What is noteworthy here also, besides the surprisingly good results, is the small number of cases and the limited range of procedures. However much bottom the patient could muster, many operations would have been unthinkable without anæsthesia and doubtless patients were only selected who seemed likely to do well. The rest would simply have been treated expectantly as we still say when we mean we can do nothing, and those in extremis given laudanum until they succumbed. Statistics which tell only half the story are not a new phenomenon either. For myself, I shall believe evidence based medicine when I see evidence based evidence!
Perhaps the limitations were no bad thing. When surgeons were eventually set free to develop their craft by the development of general anæsthesia after 1846, by Joseph Lister's introduction of antisepsis in 1865 and by the later adoption of proper aseptic sterile procedures towards the end of the century, they quickly developed many operations whose value was at best questionable. Organs were removed wholesale according to the doctrine of focal sepsis, various assaults were mounted, on the female reproductive tract in particular, as would-be cures for nervous diseases. The wandering womb which the Greeks used to blame for female nervous ailments was finally secured in place with surgical sutures, if it was not removed altogether. Fairness compels me to add that my copy of McNaughton Jones' Diseases of Women of 1891 informs its readers in magisterial tones that, 'The operation of clitoridectomy for various disorders of the nervous system is not an accepted operation in this country.' nonetheless, 'To a man with a hammer, everything looks like a nail!' and the surgeons of the later 19th and early 20th centuries certainly found themselves with a hammer.

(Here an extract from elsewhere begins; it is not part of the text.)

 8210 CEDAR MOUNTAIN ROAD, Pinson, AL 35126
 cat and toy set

The Carthusian medical men who achieved most distinction in the 19th century were physicians and obstetricians rather than surgeons. Obstetrics in those days was a medical speciality, not surgical, and the better sort of obstetrician became a fellow of the Royal College of Physicians.
BENJAMIN BABINGTON 1794 ~ 1866
Benjamin Babington was born in 1794 at Guy's Hospital where his father, also a doctor, was resident apothecary at the time; so the problem of combining a training post, marriage and family life is clearly nothing new. On leaving Charterhouse he joined the navy as a midshipman and saw action but a few years later he entered the Indian Civil Service. Whilst in India he made a study of Indian languages and cultures and eventually became an orientalist of some distinction, but he found the climate too trying and after a time he returned home to become what we should call a mature student of medicine at his father's old hospital, Guy's, and in Cambridge. He took his MD in 1830 aged 36. He became interested in 'animal chemistry', chemical pathology, and assisted Sir Astley Cooper, Dr. Richard Bright, of Bright's disease and others in the analysis of 'morbid products'.

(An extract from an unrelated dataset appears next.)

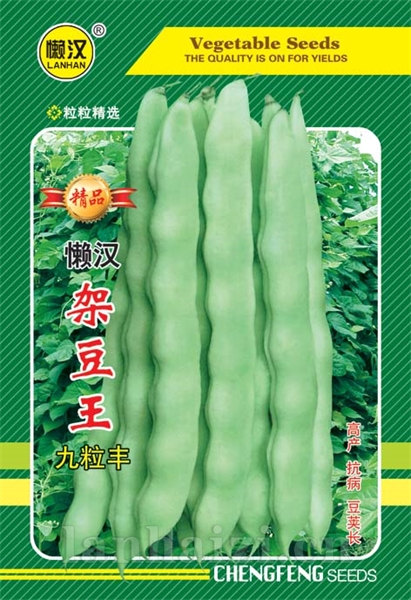  供应绿架豆--九粒丰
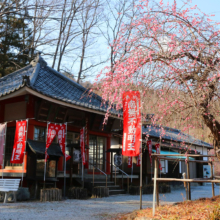 不動寺しだれ梅の画像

Astley Cooper was reputed to earn £15,000 a year. He was given his knighthood by George IV for removing a sebaceous cyst from the King's scalp, without benefit of anæsthetic of course. 'What do you call the tumour?' asked the King after it was all over. 'A steatoma Sire.' replied Astley Cooper, using the old Latin name. 'Then I hope it will stay at home and trouble me no more!' said the King. We are told that Bright excelled at making meticulous clinical observations and correlating them with careful post mortem examinations, which probably says a good deal about the practical value of his treatments.
In 1840 Babington was appointed physician to Charterhouse. In 1843 he took out a patent for pens and in 1850 another for preventing incrustations of boilers. Sadly, for those like myself who enjoy the bizarre, both appear entirely sane and practical. They entail the principle of electrolytic protection; a piece of zinc is attached to the pen nib to prevent it from corroding in the ink and zinc sheets are similarly fixed inside the boiler. Whether either was put to practical use I do not know. Babington wrote two papers on the blood, in one of which he described the 'fat constantly present in the serum', so he was also an early lipidologist. He founded and was for some years president of the Epidemiological Society and he published a number of medical books and papers on epidemiological and other topics. He also found time to translate many oriental works. He seems to have been exceptionally able and hard-working in a quiet way but he was good at covering his traces because he is described as retiring and unambitious. Ambition can be a great waste of energy; perhaps he was wise enough to realise that. He died in 1866.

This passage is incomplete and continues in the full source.